The NHBPA, which represents about 30 state horsemen's associations, has been studying offshore wagering for the past two years with the help of Stevenson and Associates, a wagering consulting company that also negotiates simulcast contracts for racetracks in the international market. The study has yielded the identity of more than 1,200 sites that take illegal wagers on American races, Roark said.

Stevenson submitted the SimulTech proposal to the NHBPA board at the organization's semi-annual meeting this week in New Orleans. The board endorsed it unanimously on Wednesday.

Under the proposal, SimulTech will be owned by a number of investors, including Stevenson, according to Roark.

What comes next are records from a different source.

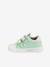 ROSARIO trainers for children by FRODDO mint green 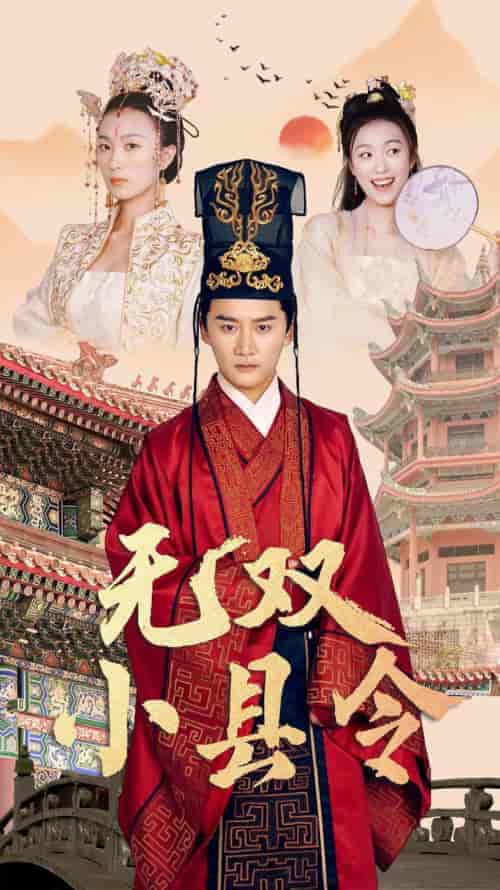 无双小县令(84集)穿越剧-初遇资源网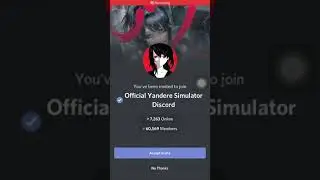 Yanderedev discord ban WR speed run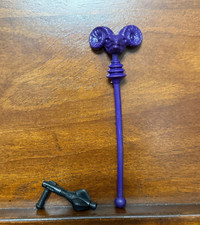 Vintage 1981 motu for sale  Little Rock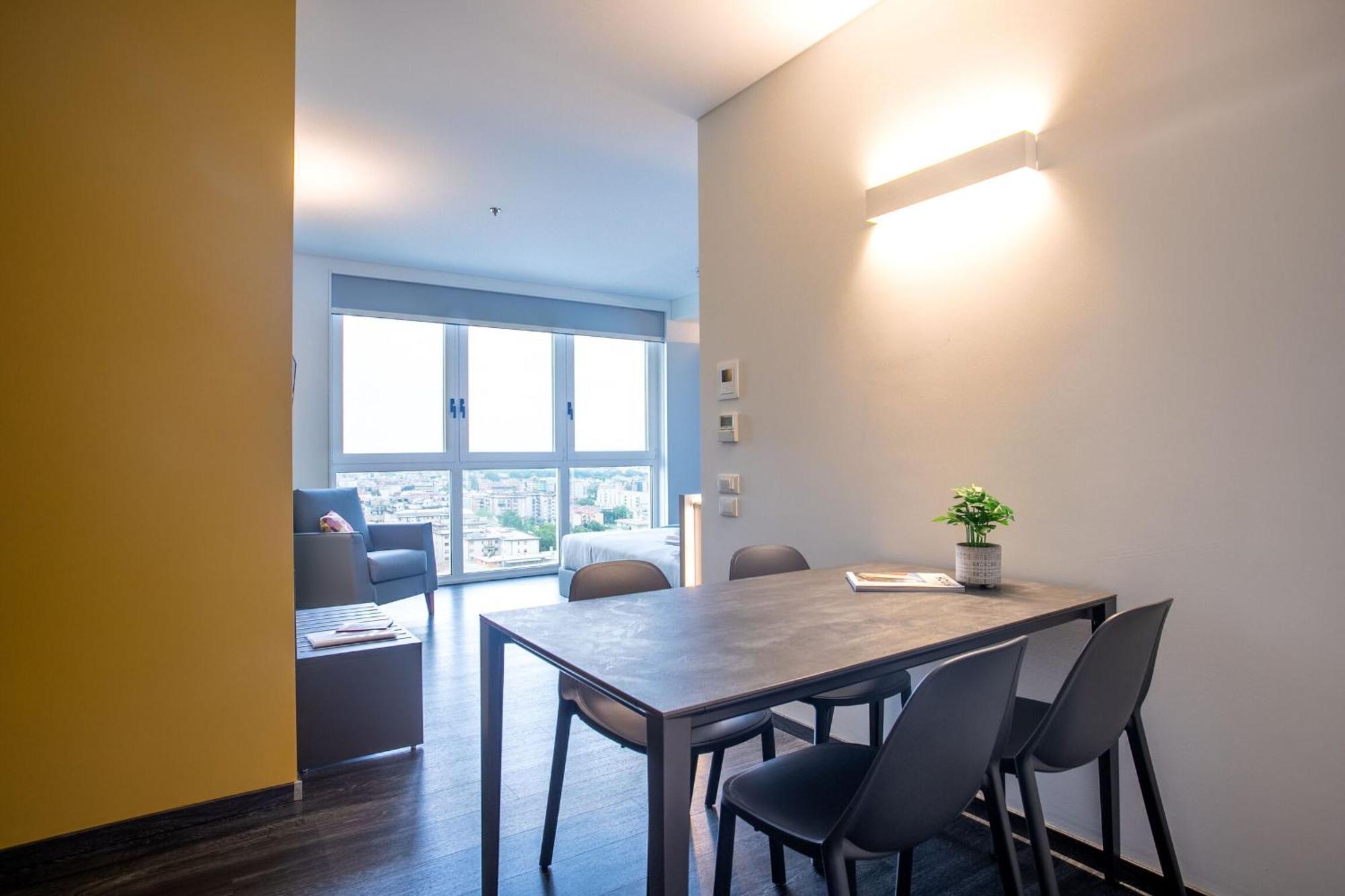 Htm Venice Suite By Halldis Mestre Extérieur photo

However, NHBPA officers will be prohibited from investing in the company due to a potential conflict of interest, Roark said.

To offer races to the foreign sites, SimulTech will contract with U.S. racetracks for the rights to sell their signals. SimulTech will then negotiate with international sites on a rate for the signals, provide legal sites with decoders to pull down the signals from satellites, and oversee the distribution of revenues from the wagers to tracks and horsemen in the United States, Roark said.

Roark said he was prohibited from talking in more detail about SimulTech because of a confidentiality agreement with Stevenson. He said Stevenson will report in full about the investors in the company at the NHBPA's next meeting, on April 7.

"We really don't know a whole lot yet about what it will look like or how it will work, but we hope to know just about everything" by the April 7 meeting, Roark said.

Roark said the creation of an offshore site was necessary to avoid U.S. tax laws that make it virtually impossible for many foreign countries to bet into U.S. pools. Under the tax laws, any winning wager made by a foreign bettor on a U.S. race is subject to a 30 percent federal withholding tax, no matter the size of the bet.

Over the past two years, lobbyists for the racing industry, led by the National Thoroughbred Racing Association, have been attempting to get the withholding tax repealed. Many racing officials feel that the elimination of the tax could lead to an explosion of betting on U.S. racing in international markets.

Bill Nader, a senior vice president of the New York Racing Association, said Wednesday that the NHBPA hub would suffer from an inability to give bettors access to the larger commingled pools in the United States. But he said it would be premature to dismiss the NHBPA's concept because of some "very good intentions."

"I think there are some good ideas in there," Nader said. "But I'm reasonably confident the 30 percent withholding will be gone by the end of the year, so it will be interesting to see if you can go back and reshuffle it somewhat."